Question

The standard deviation of a variable x is\[10\]. Then, the standard deviation of \[50{\text{ }} + {\text{ }}5x\] is
1) \[{\mathbf{50}}\]
2) \[{\mathbf{550}}\]
3)\[\;{\mathbf{10}}\]
4) \[{\mathbf{500}}\]

Answer 1

Hint: To determine the value of standard deviation we will use the formula of variance according to which standard deviation is the square root of variance.
We will first take the given standard deviation of the given variable x and calculate its variance. Then with the help of calculated variance, we will determine the variance of \[50{\text{ }} + {\text{ }}5x\]. We will then take the square root of the variance of \[50{\text{ }} + {\text{ }}5x\] and find its standard deviation.

Formula Used:
Variance is given by the formula \[{\sigma ^2} = \frac{1}{n}\sum\limits_i^n {{{({x_i} - \mathop x\limits^\_ )}^2}} \]where xi is the observed value and x̄ is the mean value.
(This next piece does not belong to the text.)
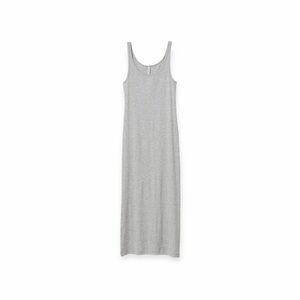 H&M Ribbed Jersey Dress Light Gray Marl Sz. S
Complete step by step Solution:
Standard deviation for variable x\[ = 10\]
Thus, variance(x) = (standard deviation)$^2$ \[ = {(10)^2} = 100\]
Therefore finding variance \[\left( {50{\text{ }} + {\text{ }}5x} \right)\] and then taking its square root to find the standard deviation.
Thus, variance \[\left( {50{\text{ }} + {\text{ }}5x} \right)\]= variance \[\left( {5x} \right)\]
This is because variance does not depend on a change of origin. This means if we add or subtract a fixed number from data there is no effect on variance. Thus, variance depends on the scaling factor.
If the data is multiplied by a constant, the variance gets multiplied by the square of the constant. Thus,
\[ = {5^2}\;\]variance (x)
\[ = {5^2}\;{10^2}^\;\] (As standard deviation of x variable is given to be\[10\])
Therefore standard deviation of \[50 + 5x\] $ = 5(10)$\[ = {\text{ }}50\]

Hence, the correct option is (1).

Note: Standard deviation of \[50 + 5x\] cannot be solved as\[50 + 5\left( {10} \right) = 100\].The first variance is calculated then only the standard deviation is found. Variance can be zero when all data values given are the same. This signifies that there is no dispersion or spread of data. Thus, the observed value is the same as the mean value. There is as such no deviation observed from the mean value.